Pay No Attention to the Man Behind Bars

I also hate cartoons like this one (via Jenny Crusie's blog, with links to more like it):

Yes, Barack Obama's election was a minor victory over American racism; I don't deny that. I never quite believed I'd live to see an African American President elected, and I figured that if I did, they'd be a reactionary like Condoleezza Rice or Colin Powell. As I said before, I don't mean to rain on the parade of black and brown people who were understandably excited about Obama's achievement. What depressed me about the euphoria last week, among other things, was the self-congratulation of white Americans who overstated the significance of the event.

If you're going to point to a single black person's success as proof that America is a Land of Opportunity, why not point to Oprah, or Michael Jordan, or any number of other successful people of color? But Uncle Sam and the cartoonist who drew him are also muttering, "Pay no attention to the man behind bars -- hundreds of thousands of him. Pay no attention to the black children who are getting abysmally substandard educations in our apartheid school system. Pay no attention to the everyday racism that still permeates American society, not always expressed in lynching or a hail of police bullets, but it still degrades the quality of life of most African Americans. Focus all your attention on that One Man who managed to climb to the top; don't worry about all his brothers and sisters who are still on the bottom."

I'm not being picky picky picky here. Most white Americans still believe that blacks and whites have an equal chance of getting ahead in our society. I believe they thought so even when American white racism was more shamelessly explicit. I expect that Obama's election will encourage this perception.

Somewhere I read that in his later years, Thurgood Marshall (another first, the first African-American Justice of the Supreme Court) said that he could no longer in good conscience go around speaking to schools telling young black kids that if they worked hard, they could be the one black Supreme Court Justice when they grew up. And that brings to mind a sign that a friend of mine had on the door of her dorm room:

Sexual equality doesn't mean that a female Einstein gets an assistant professorship, it means that a female schlemiel gets promoted as easily as a male schlemiel.

By the same standard, the election of one African American to the White House does not mean racial equality.

One cartoonist who gets this is Garry Trudeau, an episode of whose Doonesbury I linked to last week.
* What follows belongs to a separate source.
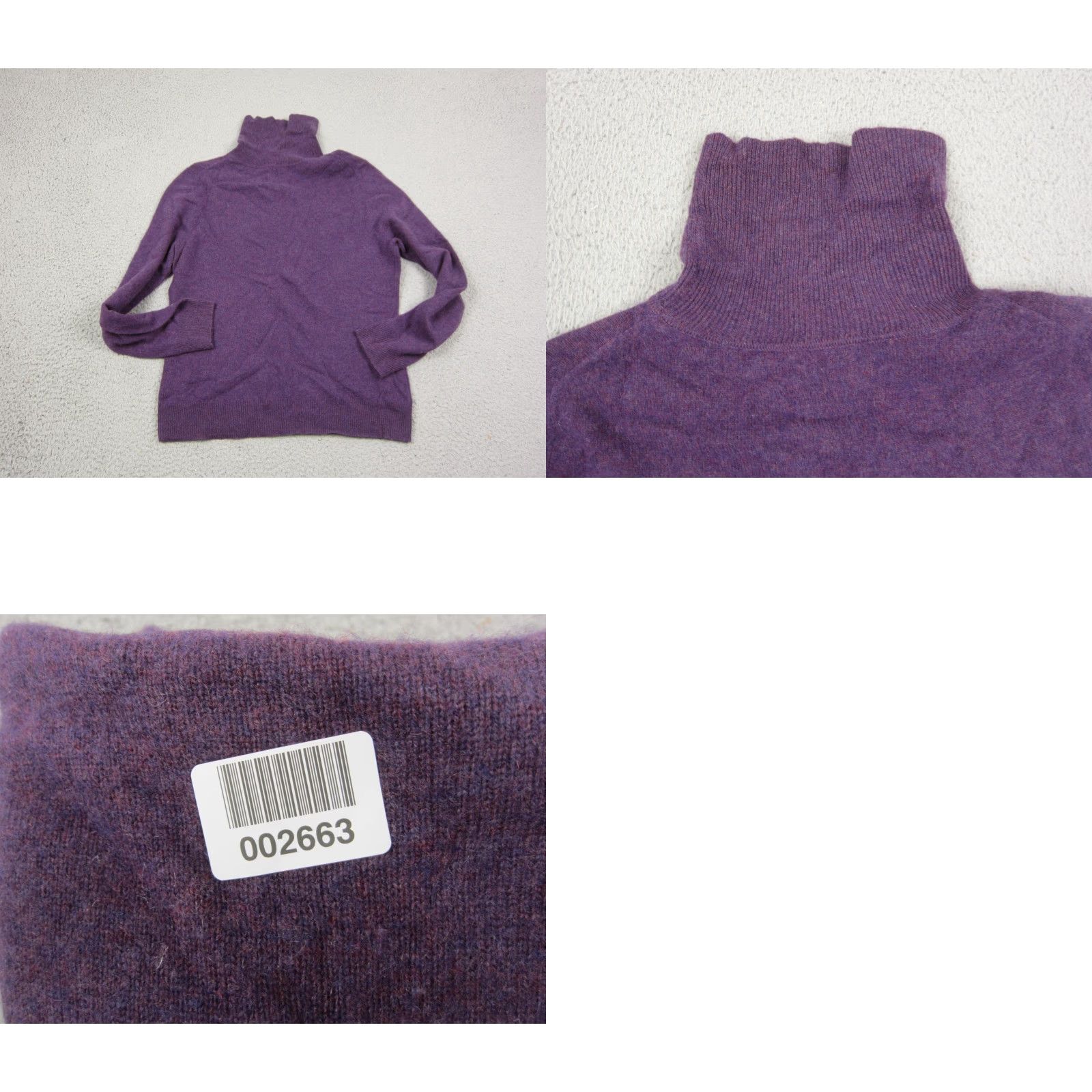 Apt. 9 Apt. 9 Sweater Women L Purple 100% Cashmere Turtleneck Knit Pullover Casual Shirt Size L / US 10 / IT 46 - 8 Thumbnail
In that strip, a white American soldier in Iraq reacting to Obama's election exults, "We did it! ... He's half-white, you know!" A black soldier sitting next him smiles, "You must be so proud." A commenter at the site argued that it was reasonable for a white American to be proud of the achievement of Obama's white half. It would be, if the election of a white President were an event of any moment, but one thing we've not had in the United States is a shortage of white male presidents.

P.S. I just noticed that the cartoonist left out the barrier wall along the U.S. border with Mexico, let alone our many legal barriers to immigration, or even tourism. "See? This is the Land of Opportunity! So eat your hearts out, you poor huddled masses, and stay out!"